== Segment start ==

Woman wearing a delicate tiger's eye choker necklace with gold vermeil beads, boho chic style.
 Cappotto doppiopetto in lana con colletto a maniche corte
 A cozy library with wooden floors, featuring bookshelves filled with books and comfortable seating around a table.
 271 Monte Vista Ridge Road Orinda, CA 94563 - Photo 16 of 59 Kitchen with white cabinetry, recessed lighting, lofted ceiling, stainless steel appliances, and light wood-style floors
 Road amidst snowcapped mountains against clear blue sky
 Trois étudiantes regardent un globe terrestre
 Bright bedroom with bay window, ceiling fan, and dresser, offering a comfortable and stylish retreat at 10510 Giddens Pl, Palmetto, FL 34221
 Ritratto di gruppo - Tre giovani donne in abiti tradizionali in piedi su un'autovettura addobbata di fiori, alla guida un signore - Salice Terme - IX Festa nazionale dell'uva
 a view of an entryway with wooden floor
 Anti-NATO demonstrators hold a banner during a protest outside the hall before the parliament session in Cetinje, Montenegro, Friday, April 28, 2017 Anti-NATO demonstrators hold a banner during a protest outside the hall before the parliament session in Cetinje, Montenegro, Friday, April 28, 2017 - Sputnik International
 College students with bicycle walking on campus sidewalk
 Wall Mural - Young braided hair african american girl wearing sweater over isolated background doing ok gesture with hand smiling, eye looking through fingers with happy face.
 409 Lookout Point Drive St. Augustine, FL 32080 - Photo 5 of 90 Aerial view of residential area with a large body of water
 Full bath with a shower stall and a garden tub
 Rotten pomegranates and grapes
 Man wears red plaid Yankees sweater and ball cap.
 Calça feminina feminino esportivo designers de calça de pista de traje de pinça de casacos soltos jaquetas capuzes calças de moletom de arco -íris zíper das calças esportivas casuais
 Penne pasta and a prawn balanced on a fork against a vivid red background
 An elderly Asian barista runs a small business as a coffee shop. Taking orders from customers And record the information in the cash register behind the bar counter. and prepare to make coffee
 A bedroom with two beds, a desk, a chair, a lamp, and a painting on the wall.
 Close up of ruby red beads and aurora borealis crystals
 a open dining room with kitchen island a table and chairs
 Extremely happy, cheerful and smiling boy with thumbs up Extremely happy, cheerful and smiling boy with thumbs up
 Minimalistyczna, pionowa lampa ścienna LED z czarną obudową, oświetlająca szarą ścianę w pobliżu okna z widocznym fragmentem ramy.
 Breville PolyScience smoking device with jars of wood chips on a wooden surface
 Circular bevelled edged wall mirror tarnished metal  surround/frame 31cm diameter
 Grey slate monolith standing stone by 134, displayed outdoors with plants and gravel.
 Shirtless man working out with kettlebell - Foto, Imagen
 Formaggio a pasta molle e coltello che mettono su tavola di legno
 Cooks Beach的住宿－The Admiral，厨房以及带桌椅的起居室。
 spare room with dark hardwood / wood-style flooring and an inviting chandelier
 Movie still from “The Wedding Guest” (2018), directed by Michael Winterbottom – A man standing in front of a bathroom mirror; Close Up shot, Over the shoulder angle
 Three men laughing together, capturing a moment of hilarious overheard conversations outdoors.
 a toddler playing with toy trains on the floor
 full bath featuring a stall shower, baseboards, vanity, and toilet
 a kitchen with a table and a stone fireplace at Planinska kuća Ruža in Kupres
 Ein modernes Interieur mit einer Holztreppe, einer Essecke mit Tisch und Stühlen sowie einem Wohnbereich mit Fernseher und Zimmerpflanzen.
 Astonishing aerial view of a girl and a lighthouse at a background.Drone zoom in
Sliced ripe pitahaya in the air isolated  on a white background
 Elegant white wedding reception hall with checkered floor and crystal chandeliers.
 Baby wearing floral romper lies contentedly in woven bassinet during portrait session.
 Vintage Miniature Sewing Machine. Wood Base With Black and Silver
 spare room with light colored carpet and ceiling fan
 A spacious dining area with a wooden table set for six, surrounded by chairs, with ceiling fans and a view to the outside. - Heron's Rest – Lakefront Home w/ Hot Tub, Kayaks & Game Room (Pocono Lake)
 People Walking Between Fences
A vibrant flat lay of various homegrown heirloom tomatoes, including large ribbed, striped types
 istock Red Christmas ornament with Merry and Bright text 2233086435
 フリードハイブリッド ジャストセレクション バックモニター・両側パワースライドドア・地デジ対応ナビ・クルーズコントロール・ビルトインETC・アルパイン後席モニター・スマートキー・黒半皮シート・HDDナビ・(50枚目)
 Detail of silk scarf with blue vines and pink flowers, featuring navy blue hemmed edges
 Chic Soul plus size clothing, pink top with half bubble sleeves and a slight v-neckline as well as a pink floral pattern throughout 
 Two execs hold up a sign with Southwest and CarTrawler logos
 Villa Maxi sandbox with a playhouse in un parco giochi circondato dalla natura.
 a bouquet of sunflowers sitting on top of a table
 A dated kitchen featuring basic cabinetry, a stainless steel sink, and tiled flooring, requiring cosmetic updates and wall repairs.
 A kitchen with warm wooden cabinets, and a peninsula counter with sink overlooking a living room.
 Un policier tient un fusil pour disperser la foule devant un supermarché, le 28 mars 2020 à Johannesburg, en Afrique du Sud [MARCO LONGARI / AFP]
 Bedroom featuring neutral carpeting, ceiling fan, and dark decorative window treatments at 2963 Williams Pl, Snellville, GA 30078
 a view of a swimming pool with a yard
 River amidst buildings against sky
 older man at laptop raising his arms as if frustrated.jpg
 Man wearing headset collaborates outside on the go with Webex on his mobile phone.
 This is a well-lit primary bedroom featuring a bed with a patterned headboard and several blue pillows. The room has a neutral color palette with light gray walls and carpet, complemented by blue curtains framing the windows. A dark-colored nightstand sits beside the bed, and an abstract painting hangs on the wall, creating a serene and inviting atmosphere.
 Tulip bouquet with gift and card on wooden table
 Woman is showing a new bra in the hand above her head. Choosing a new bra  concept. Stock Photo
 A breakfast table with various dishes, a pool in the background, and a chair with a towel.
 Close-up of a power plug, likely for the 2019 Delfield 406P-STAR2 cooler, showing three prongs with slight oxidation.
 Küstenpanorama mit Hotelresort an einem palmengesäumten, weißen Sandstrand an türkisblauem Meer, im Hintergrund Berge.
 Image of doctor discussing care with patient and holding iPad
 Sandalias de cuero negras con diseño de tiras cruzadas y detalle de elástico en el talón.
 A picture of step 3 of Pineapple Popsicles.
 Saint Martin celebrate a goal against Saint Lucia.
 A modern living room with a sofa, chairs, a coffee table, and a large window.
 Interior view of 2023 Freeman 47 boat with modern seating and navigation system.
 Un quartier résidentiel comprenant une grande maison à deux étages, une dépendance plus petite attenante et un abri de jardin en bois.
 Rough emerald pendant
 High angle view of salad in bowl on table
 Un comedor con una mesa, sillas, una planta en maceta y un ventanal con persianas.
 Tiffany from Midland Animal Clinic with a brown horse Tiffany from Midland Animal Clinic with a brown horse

== Segment end ==

> EXERCISE OBJECTIVE:
Look above for the line that contains "thumbs up Extremely". Starting there, transcribe every line exactly until you have copied the line that contains "Circular bevelled edged".

> RESPONSE BOX:
 Extremely happy, cheerful and smiling boy with thumbs up Extremely happy, cheerful and smiling boy with thumbs up
 Minimalistyczna, pionowa lampa ścienna LED z czarną obudową, oświetlająca szarą ścianę w pobliżu okna z widocznym fragmentem ramy.
 Breville PolyScience smoking device with jars of wood chips on a wooden surface
 Circular bevelled edged wall mirror tarnished metal  surround/frame 31cm diameter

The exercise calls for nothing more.